▶ DATASET ENTRIES:

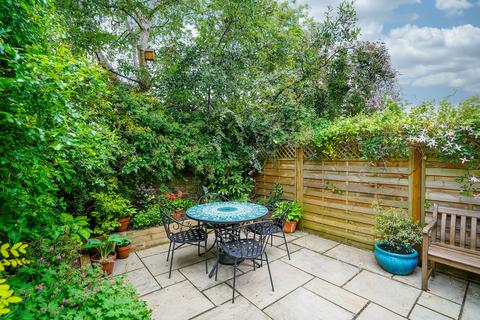 7 Edgebrook Road, Sheffield, S7 1SG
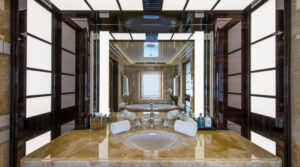 M/Y Arience for charter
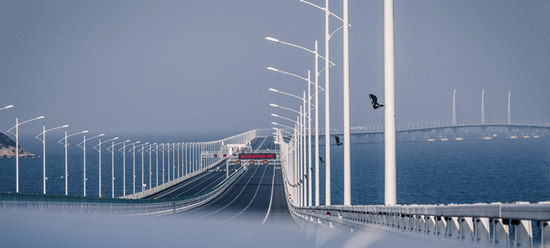 世界上最長的跨海大橋港珠澳大橋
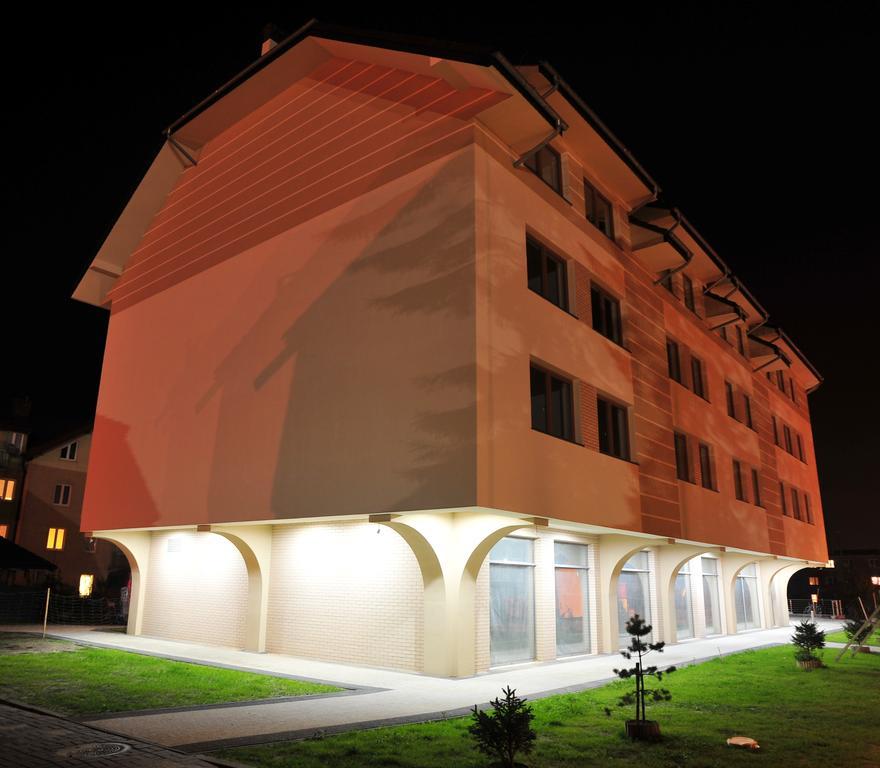 סלאופסק Konarskiego Apartments מראה חיצוני תמונה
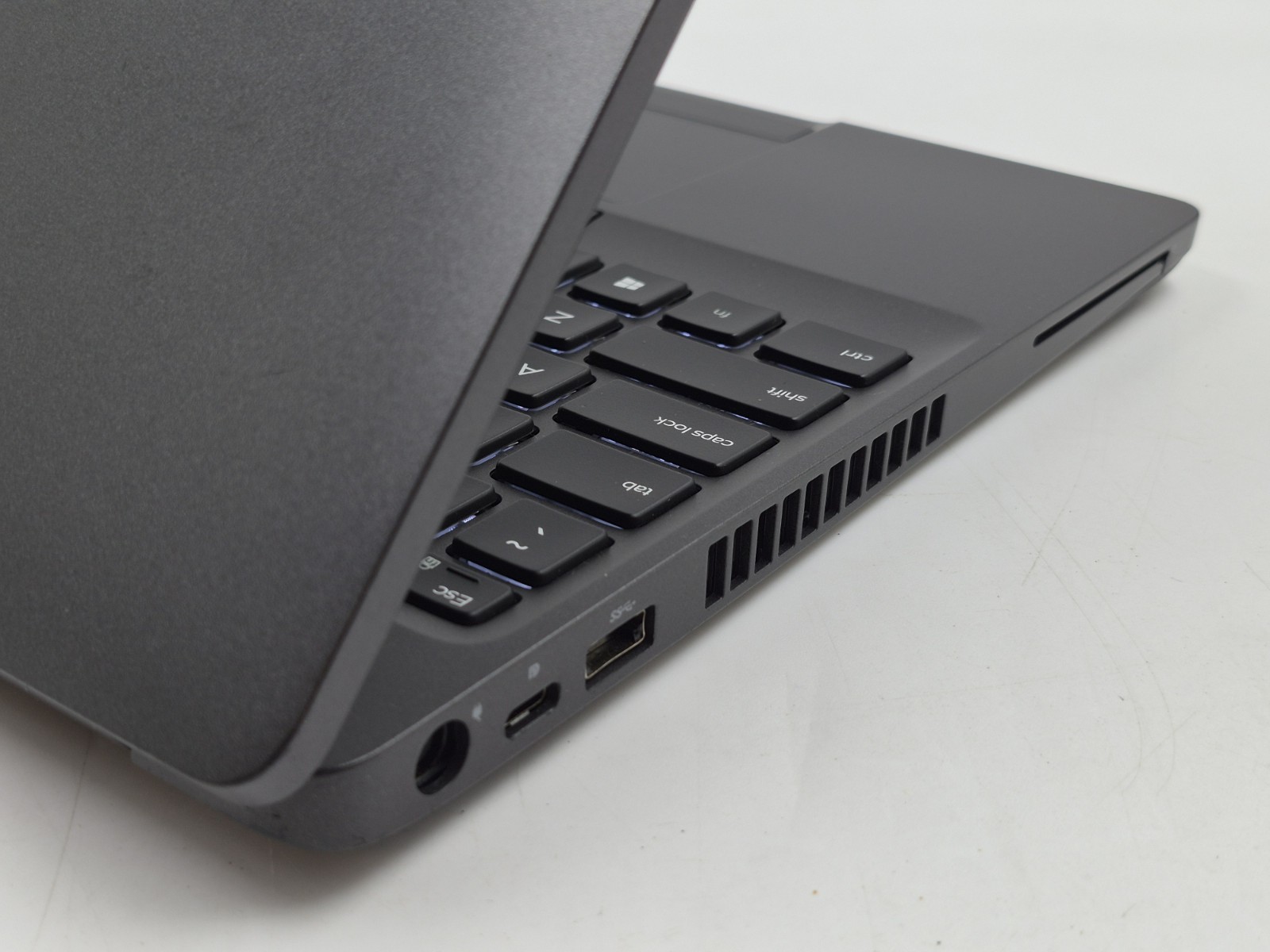 Dell Latitude 5500 Laptop i7-8665U 1.90GHz 16GB RAM 512GB NVMe SSD Win 11 Pro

▶ GOAL OF THE EXERCISE:
Please set down the data above exactly as given, leaving every picture out.

▶ RESULT OF THIS EXERCISE:
 7 Edgebrook Road, Sheffield, S7 1SG
 M/Y Arience for charter
 世界上最長的跨海大橋港珠澳大橋
 סלאופסק Konarskiego Apartments מראה חיצוני תמונה
 Dell Latitude 5500 Laptop i7-8665U 1.90GHz 16GB RAM 512GB NVMe SSD Win 11 Pro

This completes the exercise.